Download the manual, it will get you on your way.Also the RT should have come with 3 dividing plates, clearly shows them on their website.Worse comes to worse you should contact Grizzly about an exchange or refund.When a tool or accessory is purchased it should clearly state if it is a discontinued tool and no support is forthcoming.
I own a number of Grizzly tools and accessories , I also bought a 4" rotary table without dividing plates. Then several years later when I needed them I found out that the model I bought does not take them.Not a problem for me because I bought a larger mill that needed a larger RT.
mike


----------



## jarhead (Apr 29, 2022)

Did you figure out your H5940? I acquired one with a used Grizzly mill. I have downloaded the 6" manual for reference. I will probably start with a piece of scrap and drill a bolt circle.
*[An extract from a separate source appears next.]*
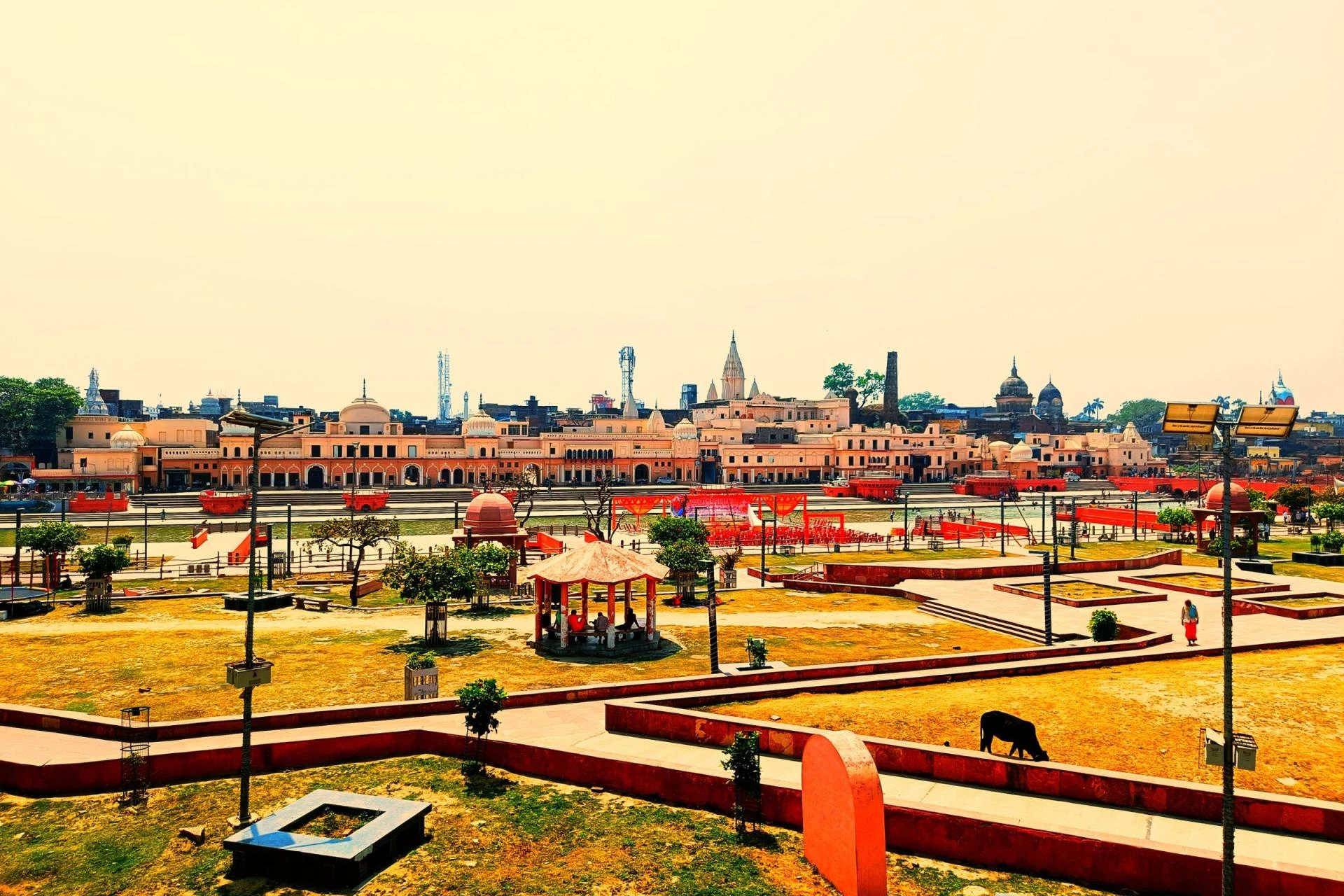 Explore Ram Janmabhoomi: Best Lucknow to Ayodhya Tour Packages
Would like to see what others have made.

Thanks, Joe


----------



## Video_man (May 6, 2022)

h5940 is listed on Grizzly site, there is a chart showing what turns/holes on plates to use for different spacing; the 1:72 ratio on this little table is very unusual so regular 1:90 tables won't work.  Here's a link to the tables for this unit: https://cdn0.grizzly.com/specsheets/h5940_as.pdf.  There is also a parts list available but no manual.


----------